■ Task statement: Within the listing that follows, reproduce exactly the lines starting at the line with "A round mirror" and ending at the line with "Red Heart with", inclusive, and only those. Pictures are dropped.

┌─ Data for this exercise

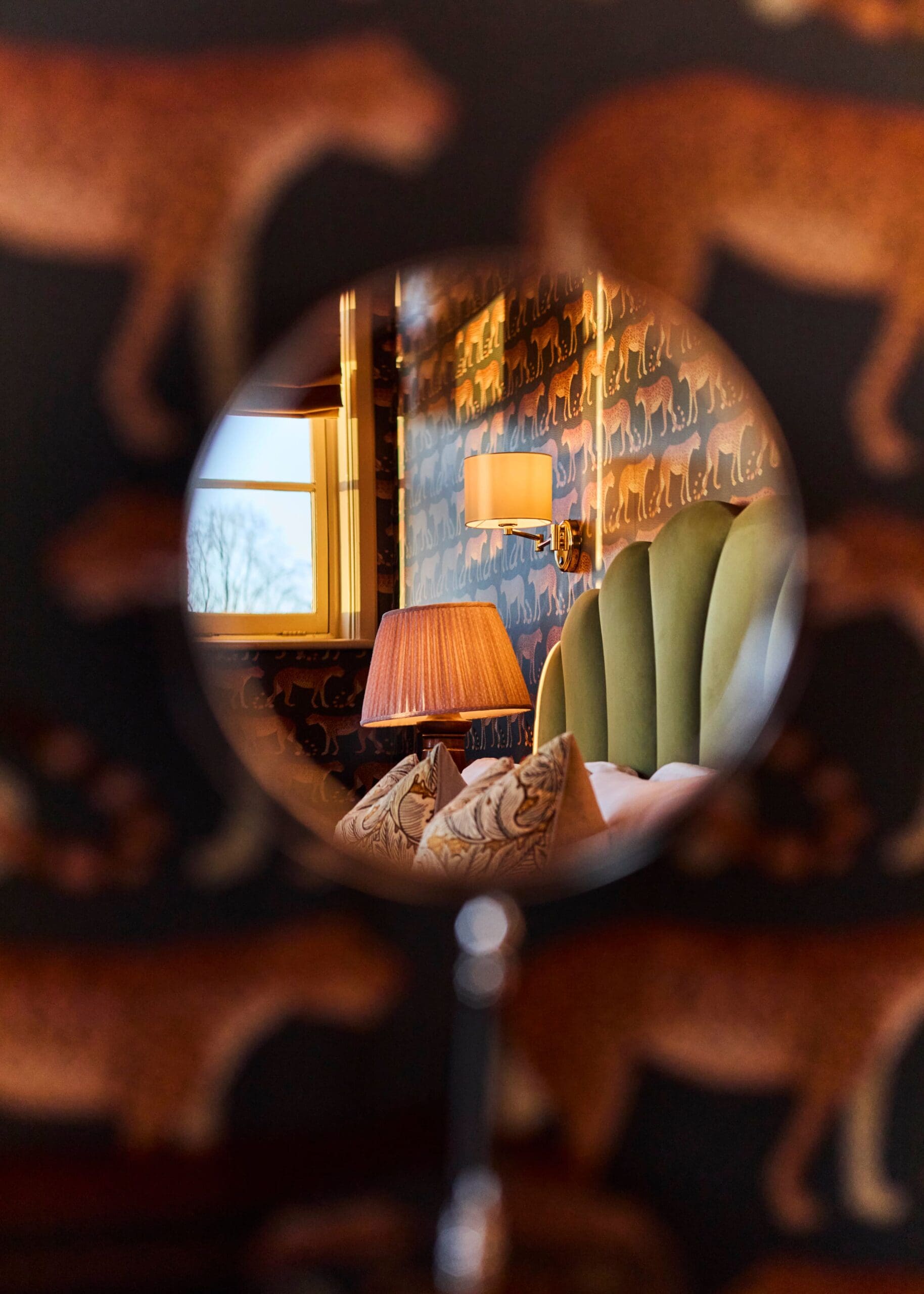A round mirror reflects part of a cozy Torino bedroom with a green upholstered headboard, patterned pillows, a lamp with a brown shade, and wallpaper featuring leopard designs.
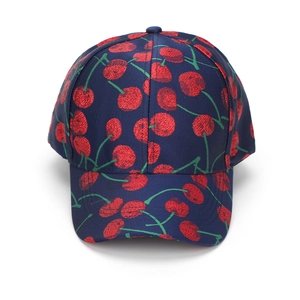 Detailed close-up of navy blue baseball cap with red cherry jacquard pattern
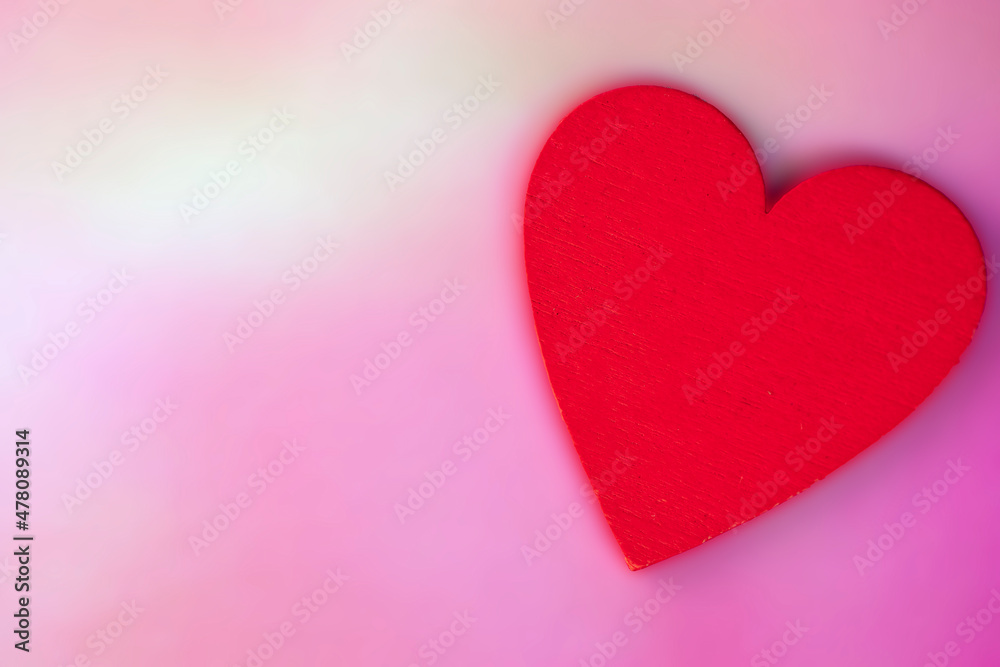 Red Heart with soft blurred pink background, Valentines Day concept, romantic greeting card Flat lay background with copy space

└─
┌─ Data for this exercise

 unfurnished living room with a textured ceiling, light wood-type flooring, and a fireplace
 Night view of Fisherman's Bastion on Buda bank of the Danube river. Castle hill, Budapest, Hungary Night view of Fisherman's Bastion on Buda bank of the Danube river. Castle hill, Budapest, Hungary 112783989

└─

■ Task answer:
A round mirror reflects part of a cozy Torino bedroom with a green upholstered headboard, patterned pillows, a lamp with a brown shade, and wallpaper featuring leopard designs.
 Detailed close-up of navy blue baseball cap with red cherry jacquard pattern
 Red Heart with soft blurred pink background, Valentines Day concept, romantic greeting card Flat lay background with copy space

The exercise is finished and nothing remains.